Inspecting the protected APK with jadx, we can immediately see that the AndroidManifest.xml still contains all the original information in clear (e.g. permissions, activities, services, receivers and providers) and that the original APK resources don’t seem to be compressed or encrypted; other protectors may corrupt or obfuscate the manifest and the resources to thwart the analysis tools, but this is clearly not the case.

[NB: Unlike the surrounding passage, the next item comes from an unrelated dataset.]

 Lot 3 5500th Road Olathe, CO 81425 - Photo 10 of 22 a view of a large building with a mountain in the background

Taking a look at the identified package and decompiled classes, we can notice that none of the original entry points declared in the AndroidManifest.xml are available; instead a class named com.qihoo.util.StubApp1868252644 poses as new entry point, or more appropriately it poses as protection’s stub. The class inherits from android.app.Application ⁷, this is done to guarantee the execution before any other application class when the process is created. According to the documentation, the com.qihoo.util.StubApp1868252644 should have been declared in the manifest application tag, and in fact there can be found.

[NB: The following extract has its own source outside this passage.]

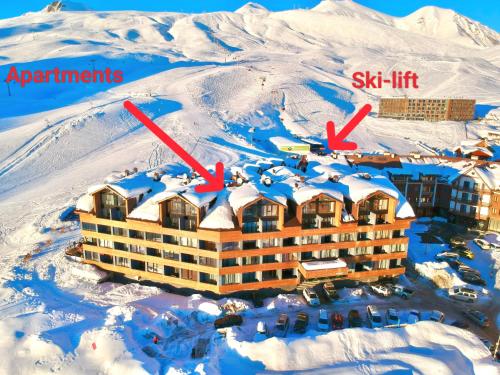 a resort in the snow with two arrows pointing to the ski lift at GVC 3-room 412 New Gudauri in Gudauri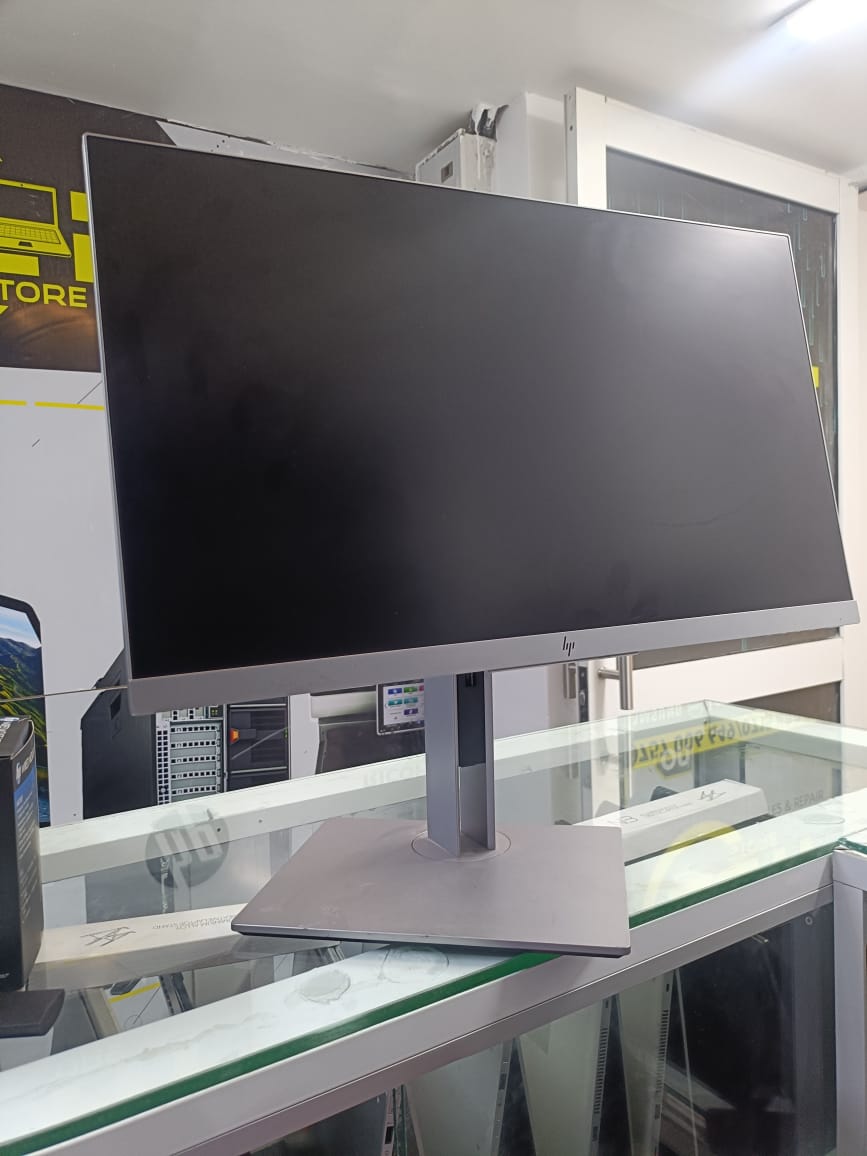 The HP EliteDisplay E243 is a sleek, high-performance 23.8-inch Full HD monitor, designed for productivity and comfort. With ultra-thin bezels and a 3-sided micro-edge display, it offers a seamless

AndroidManifest.xml entry point Application class.

The decompiled code also includes other two classes:

com.qihoo.util.Configuration: Used to declare different app configurations; in this case the ENABLE_CRASH_REPORT variable has been set to false, so we can conclude the crash reports have been disabled.
com.qihoo.util.QHDialog: During the analysis of the native code, we can identify the true meaning of this class that is displaying error messages in a toast dialog in case something goes wrong during the unpacking phase.

We gave a look at the decompiled code through jadx, but we concluded that although the manifest and the resources are there, the original code is clearly missing from the classes.dex file embedded in the APK, but is it really gone?

The classes.dex file size is roughly 4.3 MB, but it contains only 3 classes with not enough code to explain the size. The next step is looking at the DEX header:

010Editor with the DEX template has been used to analyse the header.

The DEX header shows a data_size of 6104 bytes and a data_off value of 2712. If we go to the offset 8816, we clearly see that we didn’t reach the end of the DEX file as usually expected, so something is incorrect. The first bytes at that offset don’t look really meaningful, but a educated eye may notice that the first 2 bytes form the string “qh” which really looks like a magic value to identify the Qihoo data section start (spoiler: it is).

First bytes of the Qihoo header section.

We can’t get many more information from the sequence of bytes; we can guess that it’s somehow encoded (e.g. notice that we see the 0x52 value repeating a lot, some hint to a possible simple XOR encoding?).

It’s time to move to the analysis of the com.qihoo.util.StubApp1868252644 code, the following is the snippet of decompiled source:

StubApp1868252644 decompiled code.

The source code is not obfuscated in any way, and the entry point can be identified with the attachBaseContext ⁸ method:

The original context is saved;
The CPU ABI is detected and the name for the native stub library is generated;
The correct native library is copied to the files folder (with 775 permissions);
The native library is finally loaded with a call to System.load().

Transition to the native code

Once the library is loaded, the execution passes to the native code and we need to acknowledge an important thing before proceeding, namely being sure we don’t miss any code during the loading phase of the native library. In fact, the ELF structure and linker documentation details a step taken by the runtime linker before the control is passed to the entry point of the shared library (that is JNI_OnLoad); meet the “Initialization and Termination Routines”. Citing the documentation [⁹, ¹⁰]:

“The .preinit_array, .init_array, and .init sections, are created by the link-editor when a dynamic object is built. These sections are labeled with the .dynamic tags DT_PREINIT_ARRAY, DT_INIT_ARRAY and DT_INIT respectively. The functions whose addresses are contained in the arrays specified by DT_PREINIT_ARRAY and DT_INIT_ARRAY are executed by the runtime linker in the same order in which their addresses appear in the array.”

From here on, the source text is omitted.